Standards & Framework Alignment
This section maps relevant standards and security frameworks to the operational risks and controls described in this guidance.
OWASP Non-Human Identity Top 10 address the attack and risk surface, while NIST CSF 2.0 and NIST Zero Trust (SP 800-207) set the governance and control requirements practitioners need to meet.
| Framework | Control / Reference | Relevance |
|---|---|---|
| NIST CSF 2.0 | GV.OV-01 | Supports measuring governance outcomes and operational oversight. |
| NIST Zero Trust (SP 800-207) | ID.AM-1 | Asset and identity visibility depends on measurable control coverage. |
| OWASP Non-Human Identity Top 10 | NHI-03 | Credential lifecycle metrics fit rotation and offboarding governance. |
Map identity metrics to governance outcomes and review them against control decisions, not just reporting cadences.
Key terms
- Objective and key result: An objective and key result framework links a directional goal to measurable results that show whether progress is happening. In identity programmes, it is most useful for change efforts such as reducing privilege sprawl or improving access review quality, because it is built to drive movement rather than simply report status.
- Key performance indicator: A key performance indicator is a metric used to monitor whether a process, control, or team is performing against a defined expectation.

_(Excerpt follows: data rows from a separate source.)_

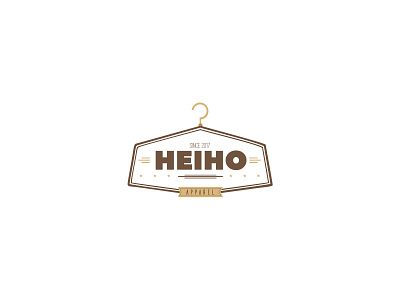 Heiho Apparel logo apparel logo brand brand identity branding branding design creative creative design design illustration logo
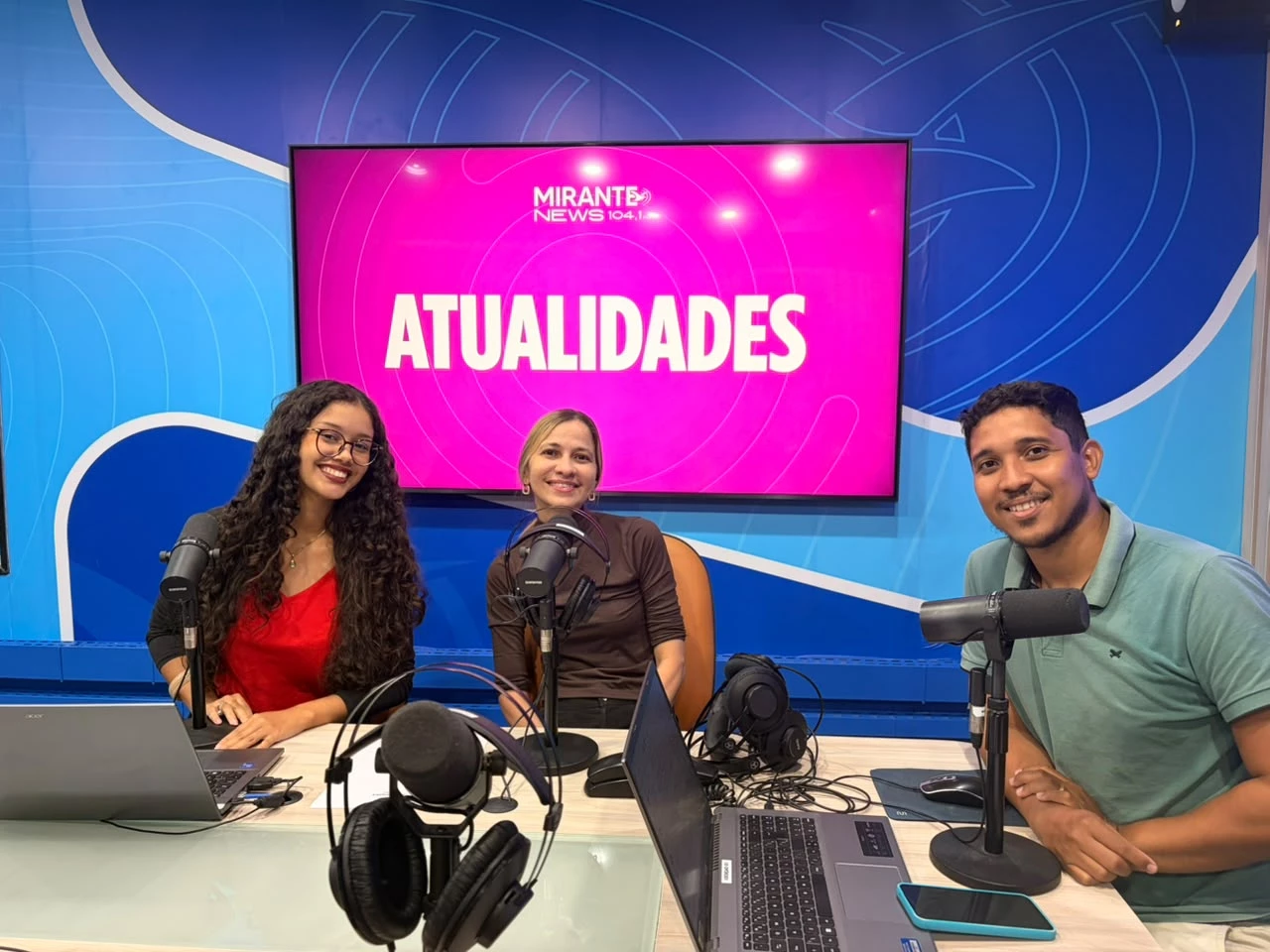 Rosana Castelo Branco em entrevista ao Atualidades, com Marcelo Rodrigues e Anna Clara Dias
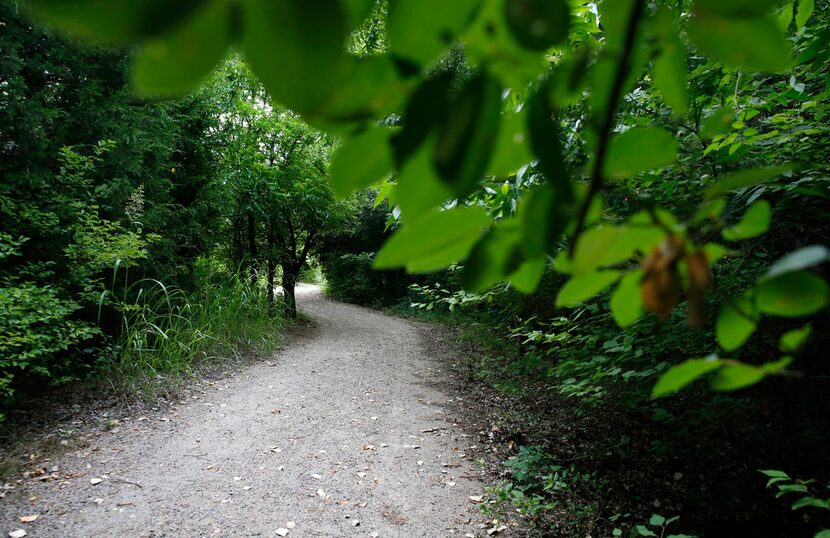 The Cottonwood Trail at Lake Lewisville Environmental Learning Area in Lewisville.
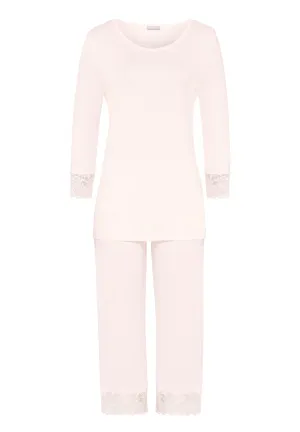 Moments Lace Trim Cotton Pajama Set | Crystal Pink 77928-1334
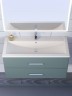 Раковина для ванной кварцевая Uperwood Foster Quartz 100х45,5х17,5 см, белая матовая, жасмин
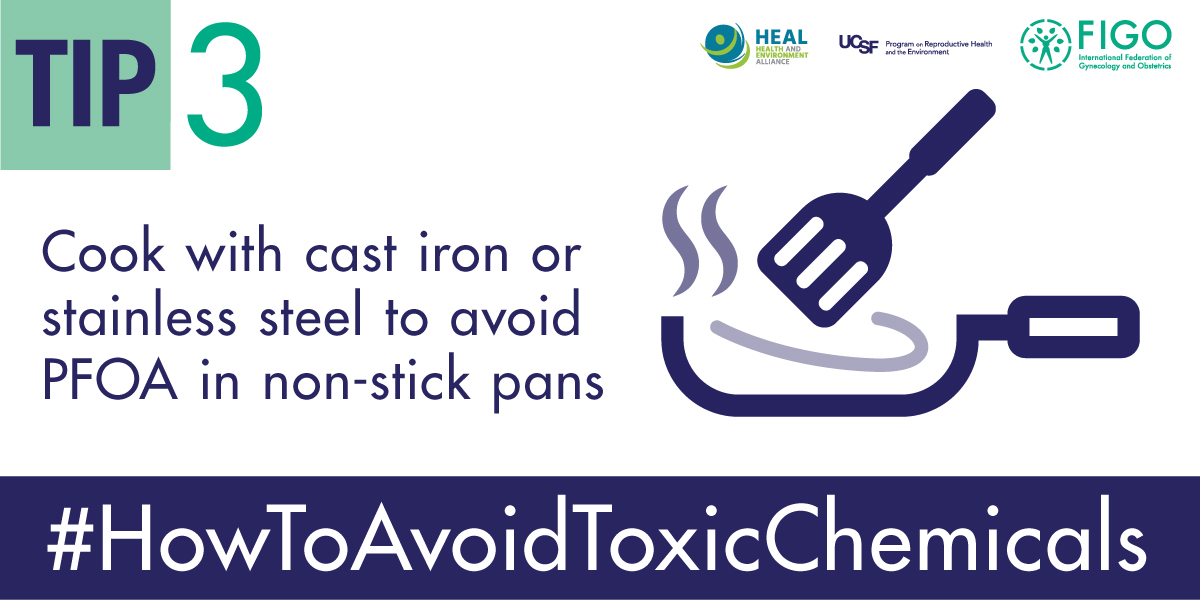 HealthandEnv's tweet photo. PFAS, a class of more than 4,700 chemicals including PFOA, are jeopardizing our health.
@FIGOHQ, @UCSF_PRHE & @HealthandEnv are bringing you 10 tips on #HowToAvoidToxicChemicals during and after pregnancy π https://t.co/0P7PqA4SM3 #ForeverChemicals https://t.co/FQznHrdYdb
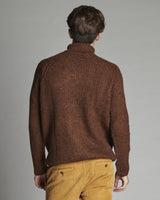 ENGLISH RIB TURTLENECK PULLOVER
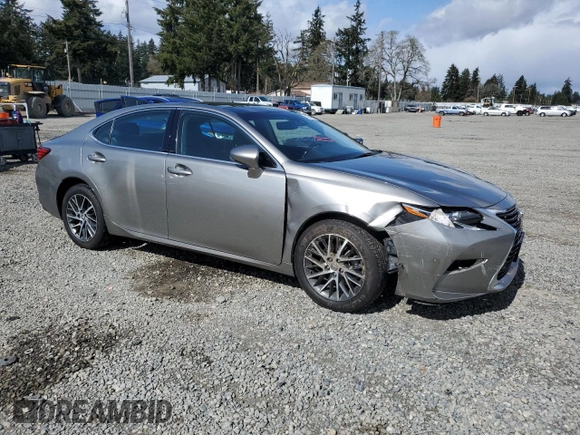 2017 Lexus ES with VIN 58ABK1GG6HU050292, listed as a Copart auction lot 49743895 with 76,025 mi miles and Salvage Title. Bid and sale history available at carsss.com. Image 4.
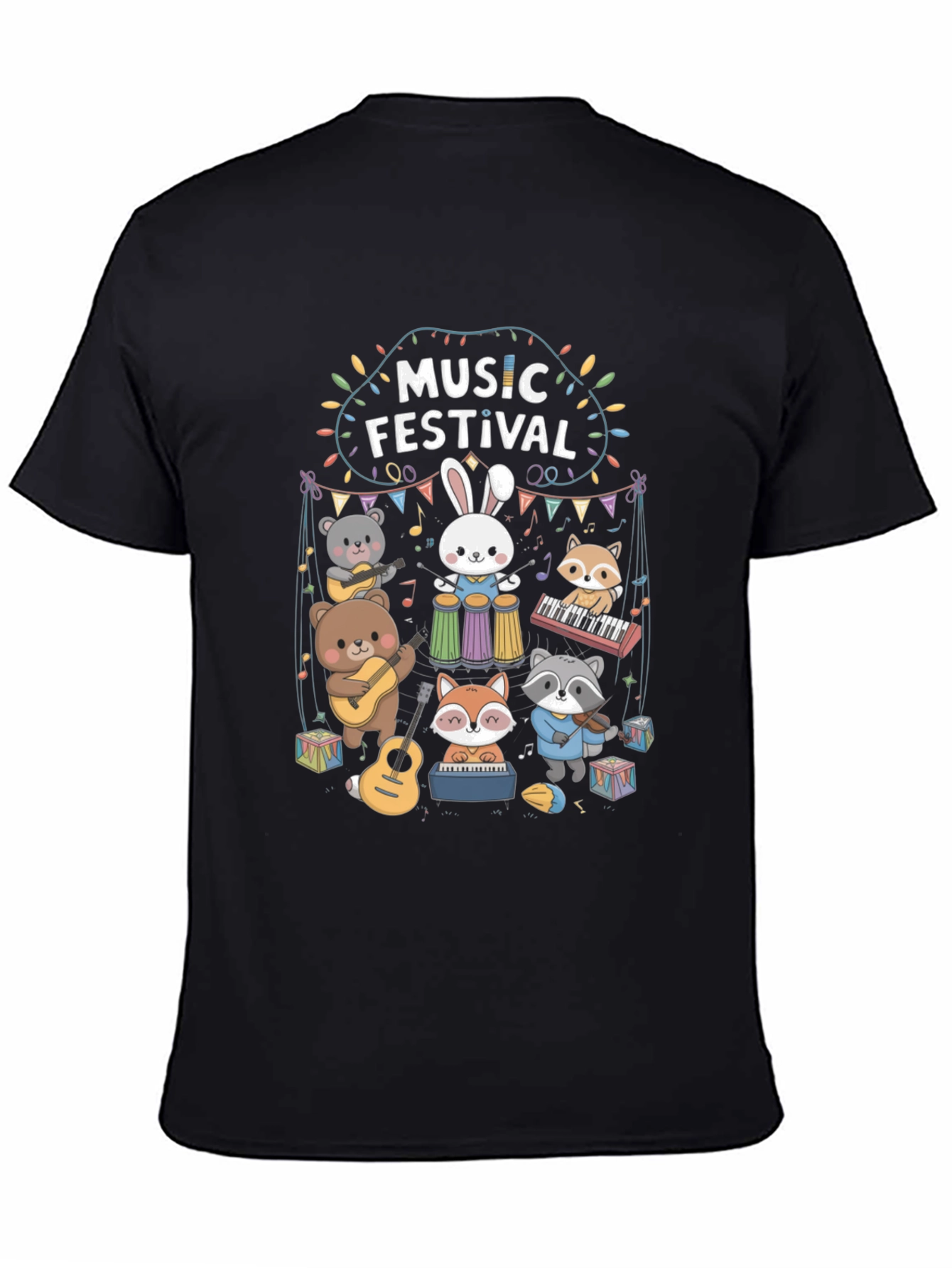 Music Festival Animal Band T-Shirt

In identity governance, KPIs are most useful for steady-state assurance, such as review completion, rotation compliance, or access drift, because they measure whether the control is holding.
- Leading indicator: A leading indicator is a measure that helps predict or influence a future outcome before the final result is visible. For identity teams, it can show whether a control is getting weaker or stronger early enough to prompt action, which makes it useful for prevention rather than post-incident reporting.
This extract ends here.